■ **ACTIVITY**: Please take the records that follow and repeat exactly the lines starting with the line with "BMW 3 Series" and going on through the line with "Quạt nhựa quảng".

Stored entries
:::::

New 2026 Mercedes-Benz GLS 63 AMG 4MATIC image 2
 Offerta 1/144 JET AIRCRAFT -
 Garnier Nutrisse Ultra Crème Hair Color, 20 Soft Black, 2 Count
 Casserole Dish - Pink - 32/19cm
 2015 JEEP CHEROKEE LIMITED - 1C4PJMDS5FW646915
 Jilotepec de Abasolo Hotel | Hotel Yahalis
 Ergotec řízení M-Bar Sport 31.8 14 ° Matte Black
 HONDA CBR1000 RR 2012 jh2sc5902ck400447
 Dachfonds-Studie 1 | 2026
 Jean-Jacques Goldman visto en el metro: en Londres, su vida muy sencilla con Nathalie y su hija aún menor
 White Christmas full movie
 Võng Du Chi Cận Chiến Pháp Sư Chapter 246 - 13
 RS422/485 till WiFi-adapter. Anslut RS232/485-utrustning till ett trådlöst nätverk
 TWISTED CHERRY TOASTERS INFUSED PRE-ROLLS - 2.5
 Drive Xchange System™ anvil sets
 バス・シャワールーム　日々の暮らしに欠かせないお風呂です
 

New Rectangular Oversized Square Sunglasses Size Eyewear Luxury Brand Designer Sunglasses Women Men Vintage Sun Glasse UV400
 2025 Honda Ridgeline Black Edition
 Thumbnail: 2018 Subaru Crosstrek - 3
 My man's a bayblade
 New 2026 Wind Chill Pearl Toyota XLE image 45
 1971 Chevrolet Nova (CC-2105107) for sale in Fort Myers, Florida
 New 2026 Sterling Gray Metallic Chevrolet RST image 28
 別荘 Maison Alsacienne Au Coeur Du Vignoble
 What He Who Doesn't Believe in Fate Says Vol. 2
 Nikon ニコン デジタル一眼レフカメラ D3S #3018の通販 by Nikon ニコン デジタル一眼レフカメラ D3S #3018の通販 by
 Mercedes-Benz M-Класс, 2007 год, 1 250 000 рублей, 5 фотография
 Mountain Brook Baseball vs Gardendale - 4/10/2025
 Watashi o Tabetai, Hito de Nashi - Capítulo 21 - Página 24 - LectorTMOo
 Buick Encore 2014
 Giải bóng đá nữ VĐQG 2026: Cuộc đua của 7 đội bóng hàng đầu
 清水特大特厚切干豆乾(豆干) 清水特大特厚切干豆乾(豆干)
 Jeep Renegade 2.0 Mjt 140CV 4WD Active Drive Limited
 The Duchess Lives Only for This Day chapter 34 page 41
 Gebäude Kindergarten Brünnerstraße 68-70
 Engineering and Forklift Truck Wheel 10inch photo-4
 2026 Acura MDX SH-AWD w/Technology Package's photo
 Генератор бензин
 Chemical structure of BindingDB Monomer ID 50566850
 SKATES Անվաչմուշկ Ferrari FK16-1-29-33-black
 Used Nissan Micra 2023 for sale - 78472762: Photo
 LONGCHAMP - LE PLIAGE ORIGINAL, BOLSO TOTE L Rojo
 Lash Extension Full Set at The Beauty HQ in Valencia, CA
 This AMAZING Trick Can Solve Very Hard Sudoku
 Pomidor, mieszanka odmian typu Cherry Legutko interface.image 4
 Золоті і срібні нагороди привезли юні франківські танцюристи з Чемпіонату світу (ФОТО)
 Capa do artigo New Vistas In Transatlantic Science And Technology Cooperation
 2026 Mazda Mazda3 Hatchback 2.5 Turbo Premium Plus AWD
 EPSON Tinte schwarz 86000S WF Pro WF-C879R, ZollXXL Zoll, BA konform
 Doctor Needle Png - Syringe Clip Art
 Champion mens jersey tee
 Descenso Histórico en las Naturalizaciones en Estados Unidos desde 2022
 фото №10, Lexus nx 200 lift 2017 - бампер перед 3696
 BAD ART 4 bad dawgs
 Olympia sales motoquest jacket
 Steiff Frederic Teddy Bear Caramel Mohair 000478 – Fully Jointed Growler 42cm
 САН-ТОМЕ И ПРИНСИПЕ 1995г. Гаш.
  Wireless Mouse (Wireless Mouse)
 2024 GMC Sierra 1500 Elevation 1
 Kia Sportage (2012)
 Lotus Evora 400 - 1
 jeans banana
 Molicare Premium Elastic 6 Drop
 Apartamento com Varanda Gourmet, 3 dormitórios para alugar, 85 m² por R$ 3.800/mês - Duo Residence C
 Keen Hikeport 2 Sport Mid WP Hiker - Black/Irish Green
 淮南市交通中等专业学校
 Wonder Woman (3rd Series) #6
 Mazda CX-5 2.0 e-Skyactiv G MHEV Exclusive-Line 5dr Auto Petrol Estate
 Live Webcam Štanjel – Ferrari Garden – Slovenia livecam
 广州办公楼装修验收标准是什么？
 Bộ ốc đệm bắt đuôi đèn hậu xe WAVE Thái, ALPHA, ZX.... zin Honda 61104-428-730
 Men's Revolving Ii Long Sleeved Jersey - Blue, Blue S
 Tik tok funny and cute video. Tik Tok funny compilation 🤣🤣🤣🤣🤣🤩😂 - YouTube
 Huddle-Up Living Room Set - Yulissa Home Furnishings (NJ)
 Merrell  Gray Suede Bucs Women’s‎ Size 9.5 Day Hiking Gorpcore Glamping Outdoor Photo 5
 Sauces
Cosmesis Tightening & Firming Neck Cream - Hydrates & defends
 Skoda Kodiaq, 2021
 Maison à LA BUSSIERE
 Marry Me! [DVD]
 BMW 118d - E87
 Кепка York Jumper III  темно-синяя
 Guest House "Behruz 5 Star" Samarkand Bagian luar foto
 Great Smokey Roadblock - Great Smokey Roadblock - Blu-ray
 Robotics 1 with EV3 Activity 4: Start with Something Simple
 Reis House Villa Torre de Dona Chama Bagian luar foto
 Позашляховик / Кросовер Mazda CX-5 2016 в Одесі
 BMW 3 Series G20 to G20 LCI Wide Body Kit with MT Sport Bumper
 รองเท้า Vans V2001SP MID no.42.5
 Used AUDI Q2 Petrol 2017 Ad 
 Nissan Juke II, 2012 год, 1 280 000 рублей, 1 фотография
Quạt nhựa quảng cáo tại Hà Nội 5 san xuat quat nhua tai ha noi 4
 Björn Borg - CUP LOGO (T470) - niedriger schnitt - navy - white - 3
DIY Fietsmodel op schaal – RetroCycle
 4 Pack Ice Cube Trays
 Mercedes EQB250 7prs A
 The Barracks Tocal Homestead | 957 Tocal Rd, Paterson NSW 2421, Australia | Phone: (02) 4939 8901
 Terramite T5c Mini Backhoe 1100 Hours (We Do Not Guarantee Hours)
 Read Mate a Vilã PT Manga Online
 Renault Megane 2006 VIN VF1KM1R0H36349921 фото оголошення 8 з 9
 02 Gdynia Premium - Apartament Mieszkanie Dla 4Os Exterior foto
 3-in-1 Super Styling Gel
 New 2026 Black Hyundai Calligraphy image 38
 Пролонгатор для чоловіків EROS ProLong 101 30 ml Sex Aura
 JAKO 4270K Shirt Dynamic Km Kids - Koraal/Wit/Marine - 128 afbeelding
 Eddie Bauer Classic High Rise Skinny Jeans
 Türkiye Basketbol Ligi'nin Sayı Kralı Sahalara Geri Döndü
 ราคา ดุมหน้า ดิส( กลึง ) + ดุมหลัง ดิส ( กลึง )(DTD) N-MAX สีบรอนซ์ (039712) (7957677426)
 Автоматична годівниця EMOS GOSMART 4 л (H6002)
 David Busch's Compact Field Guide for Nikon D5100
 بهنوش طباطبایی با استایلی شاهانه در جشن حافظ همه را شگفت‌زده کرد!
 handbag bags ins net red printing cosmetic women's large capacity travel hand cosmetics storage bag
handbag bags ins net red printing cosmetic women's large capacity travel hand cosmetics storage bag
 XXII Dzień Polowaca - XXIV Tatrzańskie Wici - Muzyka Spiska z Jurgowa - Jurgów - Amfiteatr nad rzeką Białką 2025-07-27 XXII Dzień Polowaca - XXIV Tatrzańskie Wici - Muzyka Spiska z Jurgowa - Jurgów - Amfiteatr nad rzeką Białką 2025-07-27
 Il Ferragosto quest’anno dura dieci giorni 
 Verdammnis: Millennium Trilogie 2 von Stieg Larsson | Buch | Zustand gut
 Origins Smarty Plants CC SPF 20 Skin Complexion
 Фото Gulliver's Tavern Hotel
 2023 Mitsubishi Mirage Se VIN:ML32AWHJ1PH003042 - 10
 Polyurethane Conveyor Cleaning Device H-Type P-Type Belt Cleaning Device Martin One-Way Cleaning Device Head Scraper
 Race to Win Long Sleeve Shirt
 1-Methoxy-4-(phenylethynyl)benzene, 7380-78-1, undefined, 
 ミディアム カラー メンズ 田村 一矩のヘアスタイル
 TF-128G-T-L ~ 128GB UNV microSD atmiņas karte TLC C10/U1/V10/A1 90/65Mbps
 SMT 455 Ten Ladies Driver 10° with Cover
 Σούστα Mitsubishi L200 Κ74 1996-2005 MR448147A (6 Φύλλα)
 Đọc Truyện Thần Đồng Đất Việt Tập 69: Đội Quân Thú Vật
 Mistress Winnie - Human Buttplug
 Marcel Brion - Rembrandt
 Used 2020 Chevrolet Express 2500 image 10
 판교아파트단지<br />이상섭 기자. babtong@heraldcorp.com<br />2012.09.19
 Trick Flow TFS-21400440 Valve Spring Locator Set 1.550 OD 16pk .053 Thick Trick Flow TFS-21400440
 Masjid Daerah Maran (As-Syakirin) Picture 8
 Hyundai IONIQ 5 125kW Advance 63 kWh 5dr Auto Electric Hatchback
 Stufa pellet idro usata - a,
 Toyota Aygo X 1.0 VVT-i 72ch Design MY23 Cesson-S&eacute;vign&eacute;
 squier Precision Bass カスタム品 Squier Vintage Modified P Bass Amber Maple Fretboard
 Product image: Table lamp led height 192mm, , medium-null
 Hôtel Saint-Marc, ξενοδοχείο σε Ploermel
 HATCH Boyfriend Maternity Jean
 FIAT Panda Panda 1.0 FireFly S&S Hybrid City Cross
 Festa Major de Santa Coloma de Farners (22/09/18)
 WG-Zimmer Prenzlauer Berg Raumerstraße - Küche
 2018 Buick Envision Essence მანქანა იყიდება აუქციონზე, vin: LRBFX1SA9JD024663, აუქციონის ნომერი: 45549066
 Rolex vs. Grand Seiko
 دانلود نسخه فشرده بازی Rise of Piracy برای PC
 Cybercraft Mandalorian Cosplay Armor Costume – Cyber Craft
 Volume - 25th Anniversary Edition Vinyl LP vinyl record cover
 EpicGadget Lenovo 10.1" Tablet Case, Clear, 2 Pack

:::::

■ **ANSWER FOR THE TASK**:
 BMW 3 Series G20 to G20 LCI Wide Body Kit with MT Sport Bumper
 รองเท้า Vans V2001SP MID no.42.5
 Used AUDI Q2 Petrol 2017 Ad 
 Nissan Juke II, 2012 год, 1 280 000 рублей, 1 фотография
Quạt nhựa quảng cáo tại Hà Nội 5 san xuat quat nhua tai ha noi 4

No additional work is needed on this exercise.